When air is inspired through the mouth, it triggers a stress response in the body. Due to the larger amount of air which can be taken in, this pathway is usually used in instances where greater volumes of oxygen is required (fight or flight situations). So, when we voluntarily breathe through this pathway, the brain usually doesn’t differentiate between the breathing and the physiological need. And, because of this, it still stimulates the same set of chain reactions.
In order to cause the inspiration of air, a low pressure is created within the chest cavity. This then draws air in, to fill this low pressure. In correct breathing, this is caused by the diaphragm moving down (increasing space from below), and the chest wall expanding. Both of these are caused by muscular contraction. Then, when these contractions relax, the chest wall returns to normal position, as does the diaphragm. This causes an increase in pressure within the chest cavity, forcing air out. This expiration can also be done forcefully, through another set of muscular contractions, in order increase the rate of the air being expelled. This correct/preferred method of breathing is known chest breathing, or diaphragmatic breathing.
Another method of causing the decrease in pressure in the chest cavity is by what is termed “belly breathing”. Once again, this causes decreased pressure by increasing the space in the chest from below. What is seen as moving the belly out, the abdominal content (viscera) is moved out, resulting in the diaphragm moving down. When the belly moves back in, the diaphragm is then pushed back up. Since this method of breathing only increases the chest cavity through moving the diaphragm, it doesn’t cause as much air to be inspired. Rather, it leads to shorter, shallower breaths. Generally speaking, this method of breathing is used in hyperventilation.
In the capillary beds of the alveoli, carbon dioxide is released from the red blood cells, and oxygen takes it place. This oxygen is then, as previously mentioned, carried back to the heart, and subsequently off to the rest of the body, and all its working tissues. Unfortunately for us, there is a chemical that the haemoglobin “prefers” to bind with, that we often breathe in. and, this chemical is carbon monoxide. This is one of the most common industrial pollutants, and can be easily found streaming out of the exhaust pipe of every car on the road. But, it is also voluntarily inspired in cigarette smoke. As a result of this preference, working tissues become starved of oxygen, when carbon monoxide is present.

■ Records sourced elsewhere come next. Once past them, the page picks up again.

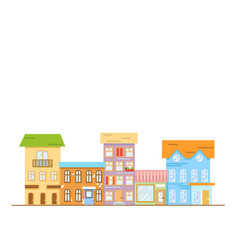 City street with Houses on  road in town. Flat cartoon style vector illustration.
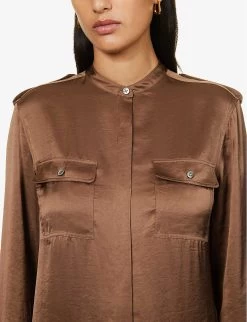 THEORY Split-hem Round-neck Satin Midi Shirt Dress -Mode Charm Shop R04152438 PECAN ALT04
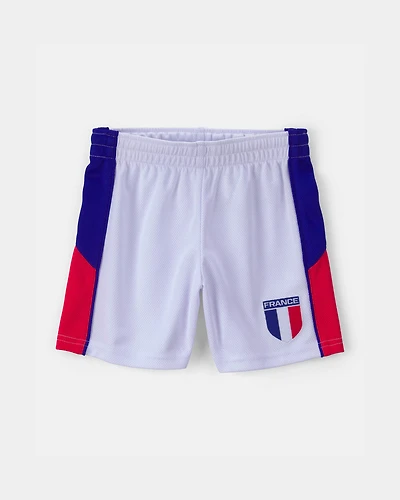 Toddler Umbro France Mesh Soccer Shorts - Blue/Red/White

One of the adaptations the body makes to exercise is an increased number of capillaries. This will happen in the alveoli, as well as other tissues. In the alveoli, this allows for a greater surface area over which gaseous exchange can take place. As the body requires more oxygen to meet the demands of exercise, and it produces more carbon dioxide as a byproduct, the need for more capillaries becomes apparent. And, this is why the body will be forced to increase the number of capillaries.